Any scraping of public platforms will where possible timed to run during non-business or off-peak hours, with in-script consideration (e.g. delayed requests, mimic normal user behaviour) given to avoid both site-overloading and any potential blocking of other users. We extract public FOI request records from sources such as:

 - [WhatDoTheyKnow.com](https://www.whatdotheyknow.com)   
 - Direct from Local Borough Councils web sites where available.
 - Direct(via email) from LA data/CSC team colleagues.

Filters and Cleans the Data

  • Retrieve request title, response status, submitted date, relevant authority/agency, and published response URL.
  • Identify duplicate or related requests across local authorities.
  • Remove irrelevant requests (e.g., from non-LA bodies such as schools, police, or government departments).
  • Normalise and standardise data (e.g. authority names) to improve consistency.
  • Extract key identifiers (FOI reference numbers) where available.

Aggregates FOIs

  • Counts how often each local authority receives requests related to Children’s Services (based on below search terms).
  • Highlight requests that multiple authorities have received (indicating potential sector-wide trends).
  • Structured output formats for analysis and use.

Outputs Data in Multiple Formats

  • CSV File → Expanded data for external analysis (foi_requests_summary.csv).
  • MkDocs Pages → Limited data within integrated markdown pages for documentation and structured publishing.

Data collection

Collection methods vary depending on the source, with each platform publishing their own format/method/data. In general, the process searches published FOI records using relevant search terms.
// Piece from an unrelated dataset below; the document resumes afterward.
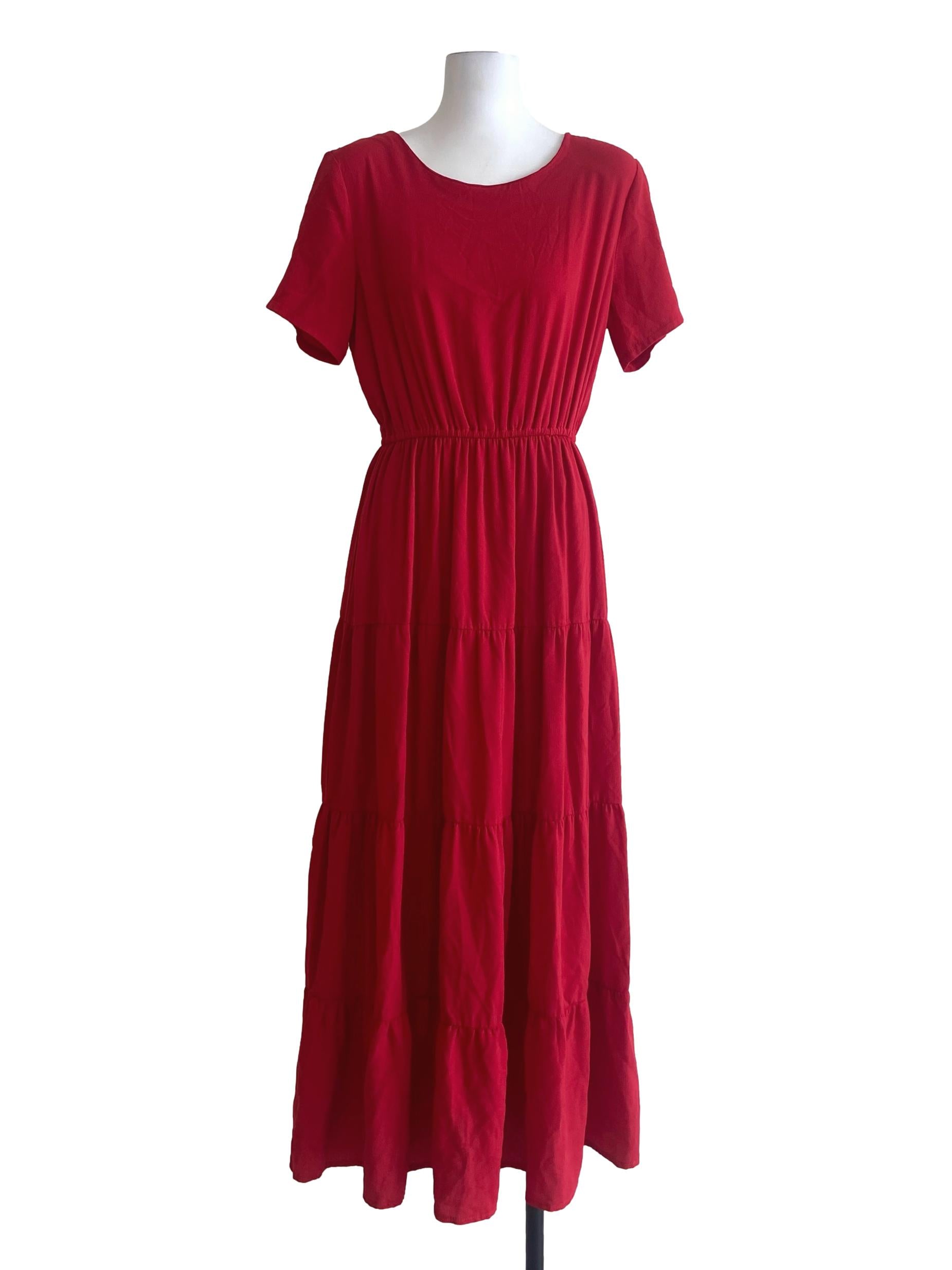 Rose Red Layered Dress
Extracting data directly from public FOI listings and refining/combining the results. Avoiding the use of a search term approach would be preferred as it's the least optimised approach, however due to the nature of where and how FOI data is published, the options are very limited. This is an aspect of the project development that will remain in review until possible to refactor around any future improved options.
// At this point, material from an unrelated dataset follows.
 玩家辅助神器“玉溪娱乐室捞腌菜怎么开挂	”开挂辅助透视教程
Current search terms being applied are:

  • ["looked after children", "children in need", "childrens social care", "childrens services"]
  • ["care leavers", "child fostering", "foster carer", "adoption"]
  • ["care order", "family support", "special educational needs"]
  • ["CIN", "child protection", "serious case reviews", "caseloads"]
  • We additionally search for specific known FOIR where these are known to have relevance, but potentially not caught within existing term-searches.
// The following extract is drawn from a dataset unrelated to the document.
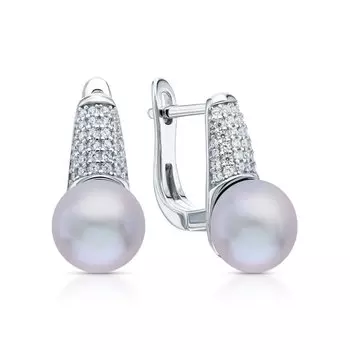 Серебряные серьги с жемчугом и фианитами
LA colleagues can assist by submitting suggestions for additional search terms where they observe that further relevant FOI requests are not currently being picked up from the source platforms.

Handling Different FOI Sources

WhatDoTheyKnow.com

  • Search for FOI requests based on keywords.
  • Extract request details from paginated search results.
  • Identifies authority, request status, and response classification.
  • Match FOI reference numbers where available.

Hastings Borough Council FOI Archive

  • Retrieve yearly FOI request records back to 2016.
  • Extract request details from both summary pages and individual FOI entries.
  • Match FOI reference numbers from structured headings.

Local Authority Submitted Data

  • Colleagues from various LAs can submit FOI details via CSV upload.
  • These are merged with scraped data for a comprehensive dataset.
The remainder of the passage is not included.